Keywords

1 Introduction

When walking around the city with someone, there are many interesting things that are much more noticeable than if one is walking alone. As a substitute for walking with another person, it may be possible to use a smartphone that is not a person. Like RPG games, virtual idols appear in smartphones, and you can walk while watching them on the smartphone. For example, Pokémon GO [1], released in 2016, corresponds to this, although no RPG messages were displayed.

However, “walking smartphone,” or using smartphones while walking, has become a social issue; it involves hitting people walking without looking around. In a survey announced in 2015 [2], 91% of participants in the survey were bothered by others walking with smartphones. Serious accidents have occurred even in Pokémon GO.
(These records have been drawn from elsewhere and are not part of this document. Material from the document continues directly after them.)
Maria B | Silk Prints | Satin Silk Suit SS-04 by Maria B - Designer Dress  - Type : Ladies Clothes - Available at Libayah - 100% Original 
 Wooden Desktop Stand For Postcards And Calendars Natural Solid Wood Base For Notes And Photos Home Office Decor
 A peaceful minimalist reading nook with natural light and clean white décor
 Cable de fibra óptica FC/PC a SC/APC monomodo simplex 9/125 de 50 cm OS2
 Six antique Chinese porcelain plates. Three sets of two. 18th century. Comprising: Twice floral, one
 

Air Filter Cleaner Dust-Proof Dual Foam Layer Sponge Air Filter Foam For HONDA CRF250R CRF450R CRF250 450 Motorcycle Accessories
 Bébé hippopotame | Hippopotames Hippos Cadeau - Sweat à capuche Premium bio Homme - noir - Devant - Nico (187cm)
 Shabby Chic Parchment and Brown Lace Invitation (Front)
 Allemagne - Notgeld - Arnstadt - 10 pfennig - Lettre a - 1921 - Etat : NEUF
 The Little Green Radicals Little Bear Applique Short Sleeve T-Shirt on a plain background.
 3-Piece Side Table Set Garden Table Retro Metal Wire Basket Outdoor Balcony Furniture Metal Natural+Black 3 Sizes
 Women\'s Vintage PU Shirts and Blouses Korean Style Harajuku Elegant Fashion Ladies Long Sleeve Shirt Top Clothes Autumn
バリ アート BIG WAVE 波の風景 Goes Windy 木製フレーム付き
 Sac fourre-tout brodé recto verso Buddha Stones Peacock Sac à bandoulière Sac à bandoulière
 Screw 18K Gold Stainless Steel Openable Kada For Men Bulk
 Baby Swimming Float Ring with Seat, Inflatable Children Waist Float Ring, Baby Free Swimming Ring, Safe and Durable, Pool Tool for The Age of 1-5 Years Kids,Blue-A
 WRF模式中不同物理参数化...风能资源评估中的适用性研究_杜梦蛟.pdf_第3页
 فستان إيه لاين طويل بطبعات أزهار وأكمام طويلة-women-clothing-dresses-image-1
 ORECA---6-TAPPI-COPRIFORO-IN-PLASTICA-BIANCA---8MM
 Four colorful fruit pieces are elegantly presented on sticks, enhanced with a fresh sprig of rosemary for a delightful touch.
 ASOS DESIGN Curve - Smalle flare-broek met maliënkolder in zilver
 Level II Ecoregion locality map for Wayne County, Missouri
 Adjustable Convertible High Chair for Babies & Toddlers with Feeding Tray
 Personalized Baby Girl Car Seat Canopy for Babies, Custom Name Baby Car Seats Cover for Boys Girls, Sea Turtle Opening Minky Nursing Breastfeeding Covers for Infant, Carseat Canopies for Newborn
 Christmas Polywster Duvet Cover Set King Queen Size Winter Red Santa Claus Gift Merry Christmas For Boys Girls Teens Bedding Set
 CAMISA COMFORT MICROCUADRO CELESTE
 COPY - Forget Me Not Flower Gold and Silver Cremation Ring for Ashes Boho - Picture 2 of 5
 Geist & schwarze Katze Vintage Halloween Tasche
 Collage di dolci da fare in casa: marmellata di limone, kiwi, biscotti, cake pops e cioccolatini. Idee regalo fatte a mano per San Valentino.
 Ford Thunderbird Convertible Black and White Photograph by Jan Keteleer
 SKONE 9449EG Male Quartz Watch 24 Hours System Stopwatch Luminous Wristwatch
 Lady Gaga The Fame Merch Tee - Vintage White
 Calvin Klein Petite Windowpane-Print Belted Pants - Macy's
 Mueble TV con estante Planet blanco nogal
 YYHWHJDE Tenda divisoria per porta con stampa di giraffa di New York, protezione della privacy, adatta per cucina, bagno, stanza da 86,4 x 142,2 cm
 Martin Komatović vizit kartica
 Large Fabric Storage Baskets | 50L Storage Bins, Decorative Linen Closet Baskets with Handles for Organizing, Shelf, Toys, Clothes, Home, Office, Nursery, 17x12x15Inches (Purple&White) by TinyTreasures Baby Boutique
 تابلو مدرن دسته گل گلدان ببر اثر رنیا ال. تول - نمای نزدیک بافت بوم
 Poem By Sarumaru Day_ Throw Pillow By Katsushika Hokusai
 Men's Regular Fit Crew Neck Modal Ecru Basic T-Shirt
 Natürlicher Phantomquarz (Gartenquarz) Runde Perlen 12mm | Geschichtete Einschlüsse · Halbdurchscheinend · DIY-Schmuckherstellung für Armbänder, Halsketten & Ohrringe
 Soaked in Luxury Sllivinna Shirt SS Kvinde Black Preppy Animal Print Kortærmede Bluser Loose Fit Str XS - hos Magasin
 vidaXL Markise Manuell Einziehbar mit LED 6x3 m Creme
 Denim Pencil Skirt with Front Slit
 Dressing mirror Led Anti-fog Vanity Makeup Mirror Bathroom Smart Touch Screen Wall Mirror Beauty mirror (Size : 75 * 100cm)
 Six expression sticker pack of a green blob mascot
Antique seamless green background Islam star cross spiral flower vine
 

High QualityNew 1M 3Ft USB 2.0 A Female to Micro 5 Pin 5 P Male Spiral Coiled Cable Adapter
In this research, we propose a service—“Walking with Virtual Idols (WaVIs)”—for people walking alone by offering voice together with virtual idols of speech using internet radio. The purpose of this service is to rediscover the charm of the city even when people are walking alone with the help of virtual idols.

As conventional studies of street walking services using radio demonstrate, there are “Podwalk” services [3]. This service is based on the premise that podcast voices are downloaded to playback equipment in advance, and one can walk while watching the printed map. Since the voice is determined by time flow, the walking speed and voice do not match. In addition, they refer to the podwalk from past experience rather than for present time.

This research proposes a service that allows for walking while watching the sceneries in the town by listening to voice guidance by virtual idols, walking at the pace of users.

2 Concept of “Walk with Virtual Idols (WaVIs)”

Women are generally sociable and often walk in groups, but men often walk alone. For this reason, women as virtual idols often appear in games. In addition, because there are many female college students in our laboratory, and considering the convenience in the making of the audio content, WaVIs used female college students as virtual idols.

This service creates the effect that when you walk around the city listening to the voice of virtual idols, you can imagine someone virtual from the voice and have a sense of walking together in the city. By doing this, we believe that awareness of a new viewpoint can be gained through the virtual idol pointing out places.

In WaVIs system, voice comments of virtual idols are mapped onto Google Maps before use [4]. Looking at Google Maps on the browser of the smartphone, we automatically acquire location information, and this becomes a mechanism that automatically sounds when it comes to the place of the voice comments. As shown in Fig. 1, it is possible to listen to the voice of the virtual idol independent of the walking speed of the user.

Fig. 1.
figure 1

Map to voices

To use WaVIs, open the page mapped on the smartphone and listen to the sound with the earphone. The user can walk along the route only from the starting point; so, the user walks along the street along with the voice.

3 Walk with Virtual Idols Ver.1 - WaVIs1

3.1 Design of WaVIs1

WaVIs1 (Walk with Virtual Idols ver. 1) is a town-walking service where only the voice of virtual idols flows. The recording is monophonic. We do not set the character of virtual idols, whose voice is designed to mimic a general female college student using the voice of one author. One voice speaks for around 5 to 15 s, and these voices are mapped in front of the intersection, the turning point, and the store, in order to introduce them. Information on the road is also made by a virtual idol voice. The route is fixed and requires walking in one direction.

3.2 Experiment

WaVIs1 experiments were conducted around Roppongi in Tokyo. To create voice comments, we first conducted a “survey.” We walked in the town and determined what content would be used. We then “recorded” the content decided in the “survey.” Finally, we “pasted” the sound “recorded” on the map. Figure 2 is a map-to-voice in Roppongi.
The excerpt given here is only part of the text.